If one connects this form of the equation $\mathrm {d} t={\frac {r^{2}}{h}}\ \mathrm {d} \theta$ with the relationship $\mathrm {d} A={\frac {r^{2}}{2}}\ \mathrm {d} \theta$ for the area of a sector with an infinitesimal small angle $\mathrm {d} \theta$ (triangle with one very small side), the equation [References 4]

$\mathrm {d} t={\frac {2}{h}}\ \mathrm {d} A$ comes out, that is the mathematical formulation of the words:

The line joining the planet to the Sun sweeps out equal areas in equal times.

Johannes Kepler, Astronomia nova aitiologetos seu Physica coelestis, [References 3]

### Third law

Kepler's third is a direct consequence of the second law.

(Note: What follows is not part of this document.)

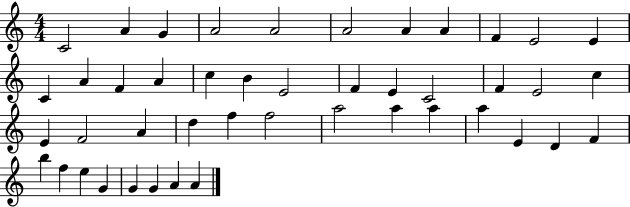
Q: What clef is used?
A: treble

Integrating over one revolution gives the orbital period

$T={\frac {2\pi ab}{h}}$ for the area $\pi ab$ of an ellipse. Replacing the semi-minor axis with $b={\sqrt {ap}}$ and the specific relative angular momentum with $h={\sqrt {\mu p}}$ one gets [References 4]

$T=2\pi {\sqrt {\frac {a^{3}}{\mu }}}$ There is thus a relationship between the semi-major axis and the orbital period of a satellite that can be reduced to a constant of the central body. This is the same as the famous formulation of the law:

The square of the period of a planet is proportional to the cube of its mean distance to the Sun.

Johannes Kepler, Harmonices Mundi libri V, [References 3]